Bundle configs and DAG files live in separate S3 locations. The sidecar handles the configs; Airflow’s S3DagBundle handles the DAGs:

s3://my-airflow-config/airflow/dag-bundles/
  project-a-bundle.json       ← synced by sidecar to /opt/airflow/dag-bundles-conf
  project-b-bundle.json
  ...

s3://my-airflow-workspace/etls/project-a/latest/workspaces/dev/dags/
  cleaning_dag.py              ← fetched by Airflow's S3DagBundle
  generic_etl_dag.py
  sparkapps/...

The sidecar runs a continuous 30-second loop with two-stage validation:

aws s3 sync --delete from S3 to a staging directory
Parse each JSON, compute MD5 hash, compare with what is already in the final directory — only write if content actually changed (otherwise the mtime update would trigger a spurious bundle watcher reload every 30 seconds)
Atomically rename changed files to the final directory

- name: dag-bundle-sync
  image: airflow-s3-dag-bundle-sync:latest
  env:
    - name: RUN_MODE
      value: "sidecar"
    - name: SYNC_INTERVAL
      value: "30"
    - name: BUNDLE_BUCKET
      value: "my-airflow-config"
    - name: BUNDLE_PREFIX
      value: "airflow/dag-bundles/"
    - name: BUNDLE_PATH
      value: "/opt/airflow/dag-bundles-conf"
  volumeMounts:
    - name: dag-bundles
      mountPath: /opt/airflow/dag-bundles-conf
  livenessProbe:
    exec:
      command: ["cat", "/tmp/sync-health"]

A health check writes to /tmp/sync-health on every successful sync. After 5 consecutive failures, the liveness probe fails and Kubernetes restarts the container.

The Complete Pipeline

The end-to-end flow from code to running DAGs:

A developer commits DAG code and a bundle JSON to their project repo
CI/CD syncs DAG files to s3://workspace-bucket/<project>/latest/workspaces/dev/dags/
CI/CD syncs the bundle JSON to s3://airflow-bucket/airflow/dag-bundles/<project>-bundle.json
The sidecar detects the new or changed JSON within ~30 seconds
The sidecar validates and atomically writes it to /opt/airflow/dag-bundles-conf/
The DAG processor’s bundle watcher detects the mtime change
Bundle config is reloaded, synced to the database, and DAGs are parsed from S3
DAGs appear in the Airflow UI

No restart. No Helm upgrade. No platform ticket. The entire bundle lifecycle — add, update, remove — is self-service and zero-downtime.

What We Learned

S3 bundles eliminate deployment complexity. No git-sync sidecars, no shared PVCs, no SSH key management. CI/CD writes to S3, Airflow reads from S3. IRSA handles credentials.

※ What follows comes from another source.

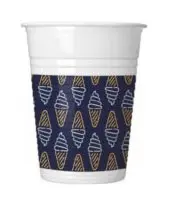 Neon Ice Cream, Fagyi Műanyag pohár 8 db-os 200 ml termékfotó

The bundle watcher decouples DAG management from infrastructure releases. Adding a pipeline used to be a platform ticket (edit Helm values, upgrade, restart). Now it is a JSON file in S3.

DAGs alongside ETL code keeps ownership clear. The team that owns the pipeline owns the DAGs, the SparkApplication manifests, and the bundle definition. No central monorepo, no cross-team coordination for DAG changes.